I'm not sure this is the right place for me. I am bit out of my depth, as I am not as devastated as I should be. It's really odd, maybe I haven't come to terms with it.
My DM (92) and my StepF (86) both died 2 weeks ago of Covid, in their care home and within 48 hours of one another. We had expected StepF to die so many times in the last few years, multiple issues, that his death really was a release. My DM, although old, was basically healthy. She was only in the care home to keep StepF company. Her death was therefore very unexpected. However, because she was that old, she was very ready to go. Both had advanced directives for no hospital treatment, or aggressive treatment for saving of life, so they were both pretty pragmatic about dying. DM was not at all religious either, so dying is just the end of a natural life.
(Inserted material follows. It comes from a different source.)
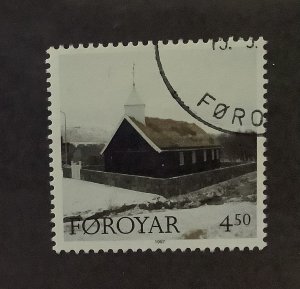 Faroe Islands 1997 Scott 329 used -  4.50k, Hvalvik church exterior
I am honestly not sure how to feel. For both of them, in different ways, this was not a tragedy. I think what's difficult to accept is how they went, and so fast. In another way, thank goodness they went together, they would have been bereft without one another. So, again another thing to be thankful for.
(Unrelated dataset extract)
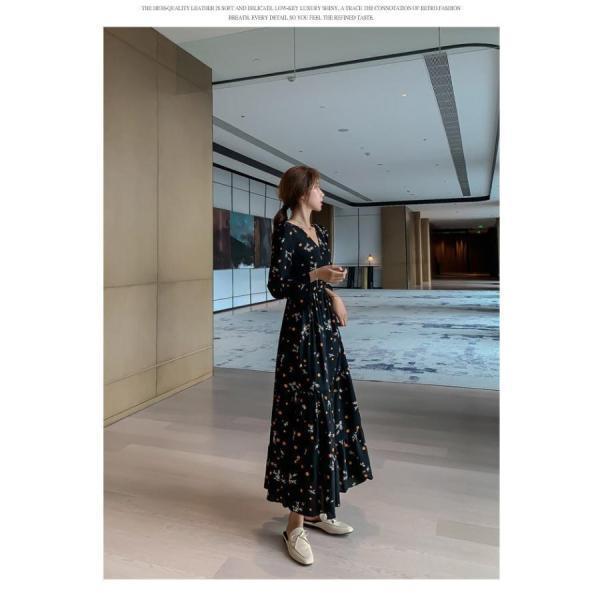 ワンピースドレス レディース 春秋 マキシ丈花柄 シフォン 長袖 ドット柄 ロング丈ワンピース きれいめ 韓国風 結婚式 ドレス 着痩せ オシャレ | ブランド登録なし | 19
Because we are two different families, my mum having married a second time, but later in life, the funerals are separate. So we two funerals in one week, in a couple of weeks time. One burial, which I have never been to, and not looking forward to, and one cremation. Both will be quick 20 minute jobs, with no church service, just committals. So again, a bit unreal. We plan to have memorials later in the year so that their friends can attend. Although tbh, most of their friends had already passed away.
It's just a really weird time. We lost FIL last year too, and that was so much more tragic, but can't put my finger on why. Maybe, because he was the first GP to go? It's been a bad 6 months for us.